╭─ Information shown

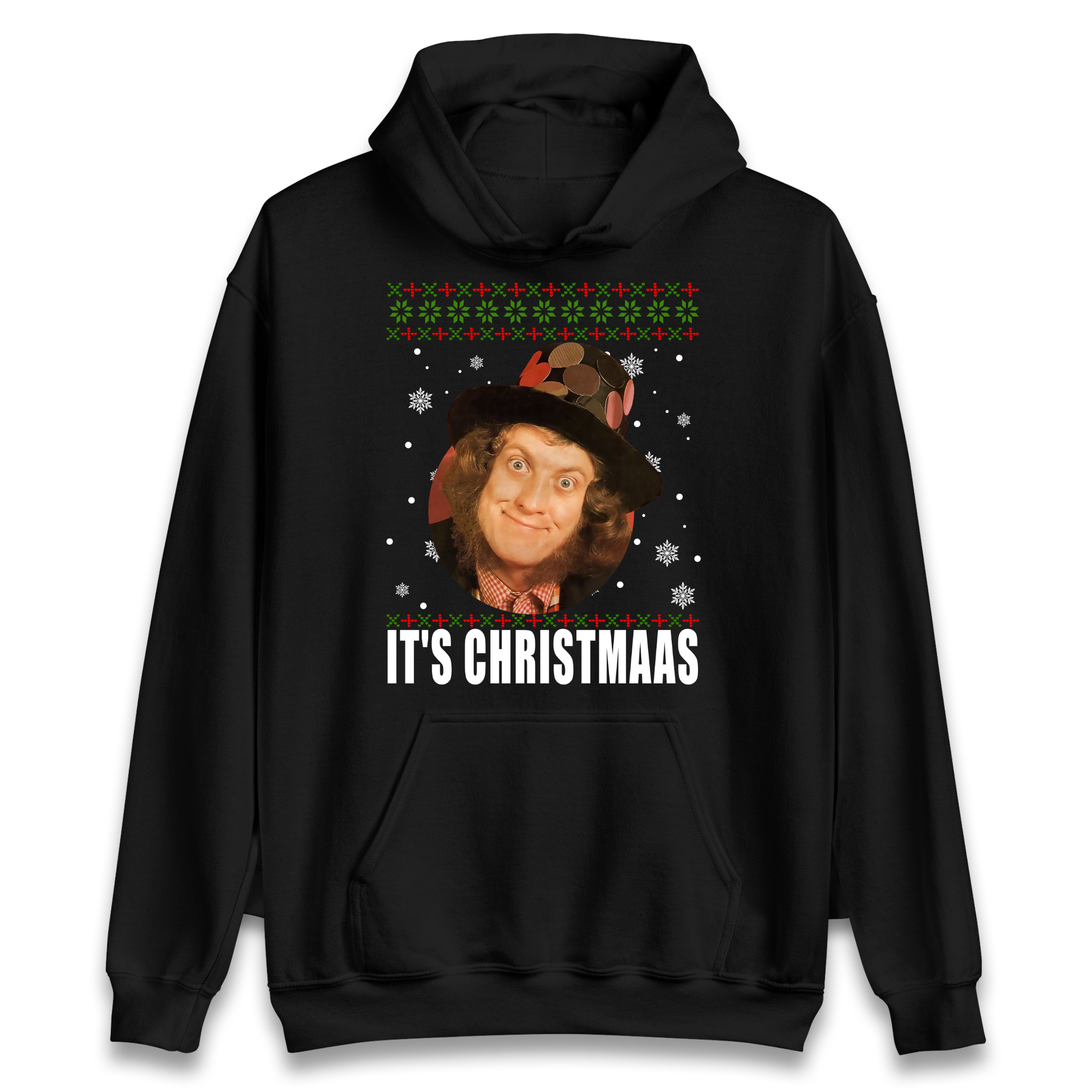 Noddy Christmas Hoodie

╰─
╭─ Information shown

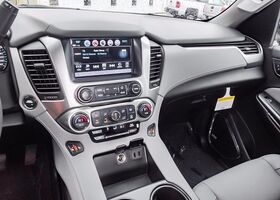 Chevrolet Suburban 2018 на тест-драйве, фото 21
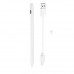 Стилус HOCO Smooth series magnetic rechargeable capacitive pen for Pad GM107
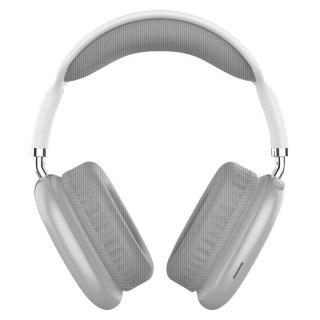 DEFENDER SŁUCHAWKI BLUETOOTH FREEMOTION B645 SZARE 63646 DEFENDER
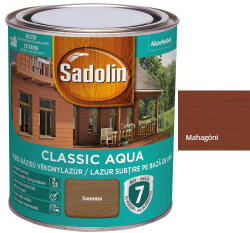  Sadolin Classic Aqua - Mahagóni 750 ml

╰─
╭─ Information shown

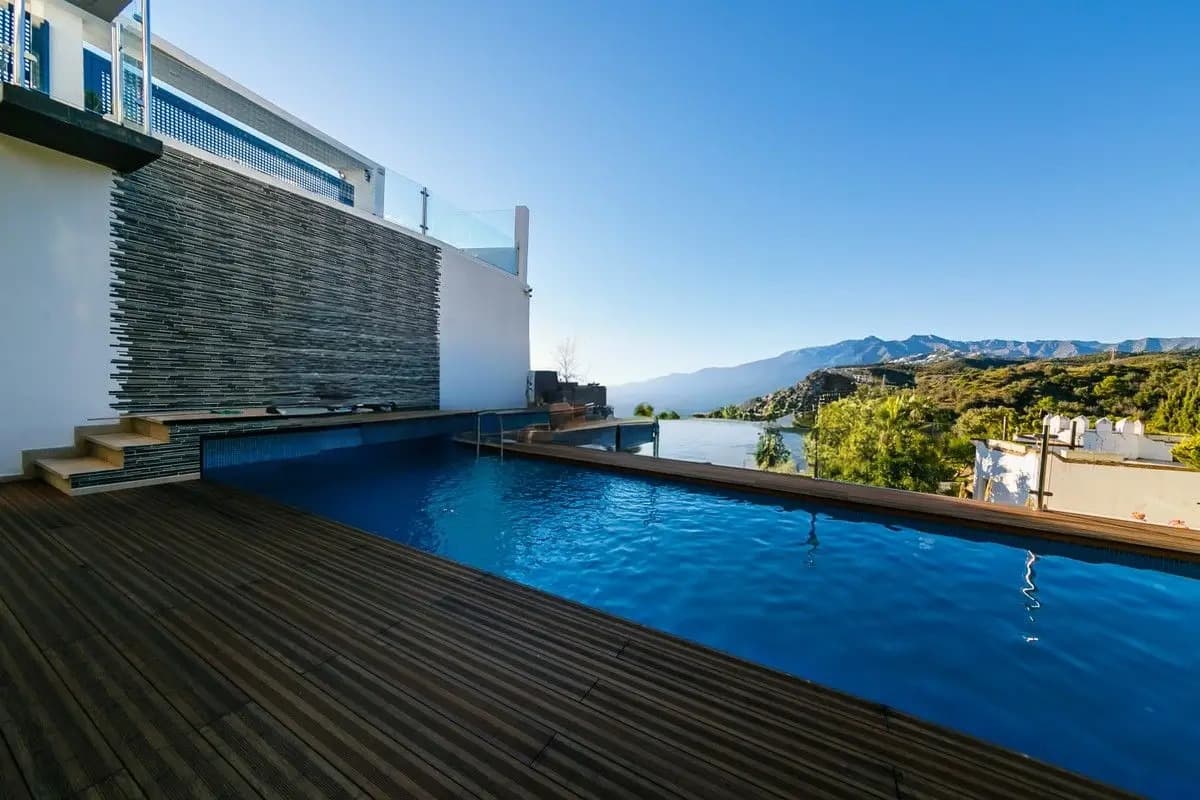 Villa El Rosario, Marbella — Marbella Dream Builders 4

╰─

Repeat the lines above exactly, beginning with the one containing "Стилус HOCO Smooth" and finishing with the one containing "Sadolin Classic Aqua - Mahagóni 750 ml". No pictures belong in the copy.

• Your solution:
 Стилус HOCO Smooth series magnetic rechargeable capacitive pen for Pad GM107
 DEFENDER SŁUCHAWKI BLUETOOTH FREEMOTION B645 SZARE 63646 DEFENDER
  Sadolin Classic Aqua - Mahagóni 750 ml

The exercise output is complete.